Allan Ryan, Jr. was a long-time adjunct professor at Boston College Law School, a tireless advocate for victims of the Holocaust, and, to his friend Professor Mark Brodin, “the most delightful person.” Ryan passed away on January 26 at his home in Norwell, Mass. He was 77.
A native of Cambridge, Mass., Ryan graduated from Dartmouth College and the University of Minnesota Law School. A clerk to Supreme Court Justice Byron White, he then served as a captain in the Marine Corps. His daughter Elisabeth Ryan ’06 said he was proud of his military service and loved reconnecting with veterans and active-duty military students at BC Law.
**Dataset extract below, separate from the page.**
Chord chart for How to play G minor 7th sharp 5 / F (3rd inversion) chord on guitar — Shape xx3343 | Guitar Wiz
Starting in 1980, Ryan worked for the Office of Special Investigations at the Department of Justice tracking down Nazis who, fleeing prosecution in Germany, settled in the United States. His work helped deport war criminals to face prosecution in their home countries for their role in the Holocaust.
Those accomplishments set him up as a giant in the field of Holocaust prosecution, history, and scholarship. He brought world-class expertise to the Law School, where he taught generations of law students the law of war from 1990 to 2019. It was this teaching, Elisabeth Ryan said, that was the highlight of his life. “He loved teaching.”
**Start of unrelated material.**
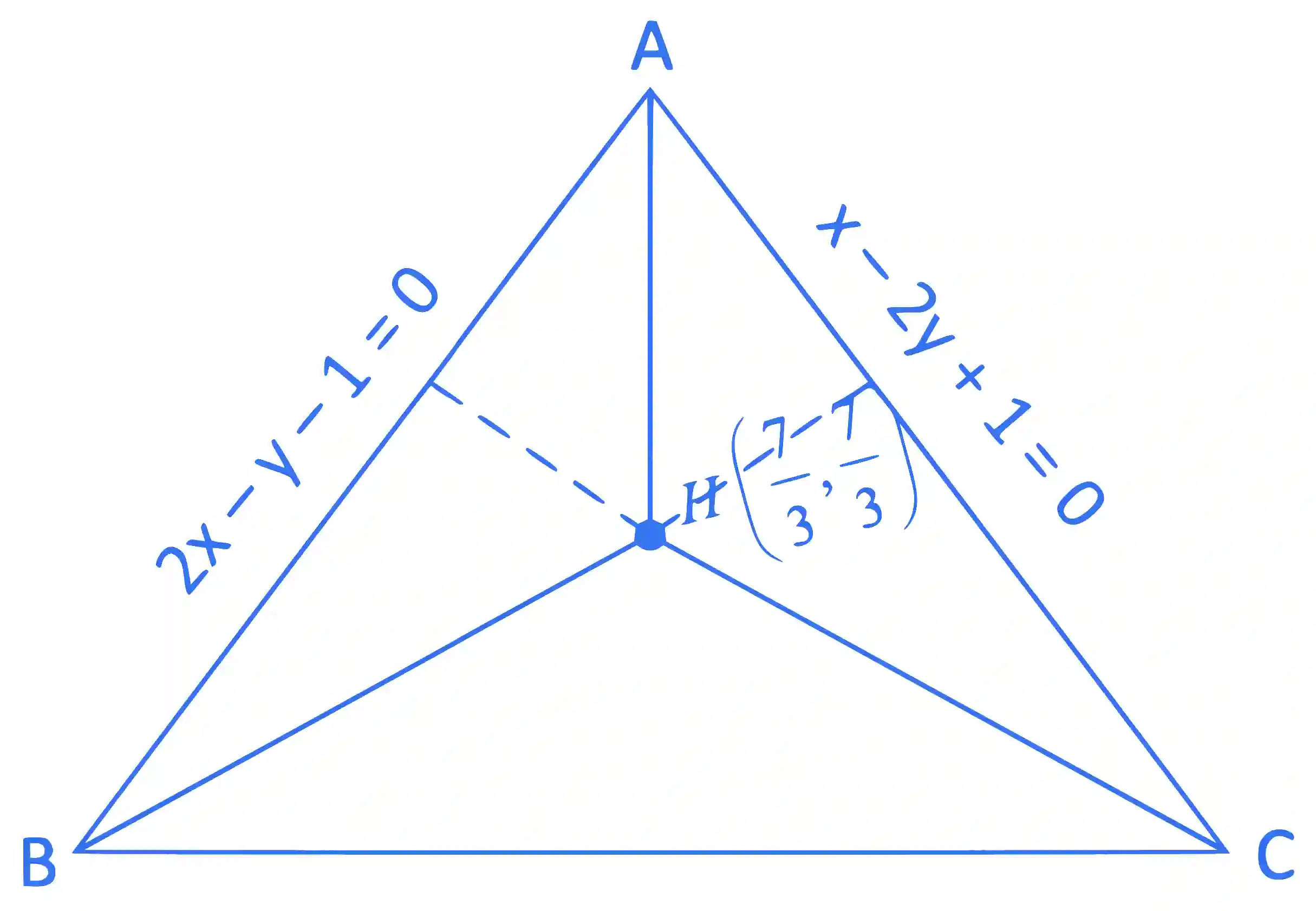 JEE Main 2022 (Online) 29th June Evening Shift Mathematics - Straight Lines and Pair of Straight Lines Question 62 English Explanation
Brodin said that Ryan’s students were “inspired and engaged in the work around the Holocaust, inspired by his legacy.” Such was Ryan’s goal; he wanted to bring his experience prosecuting these crimes to new generations of students.
His daughter said of her time at BC Law when Ryan was a professor: “Everyone who took his class loved his class, including my classmates. I’m proud he taught there.”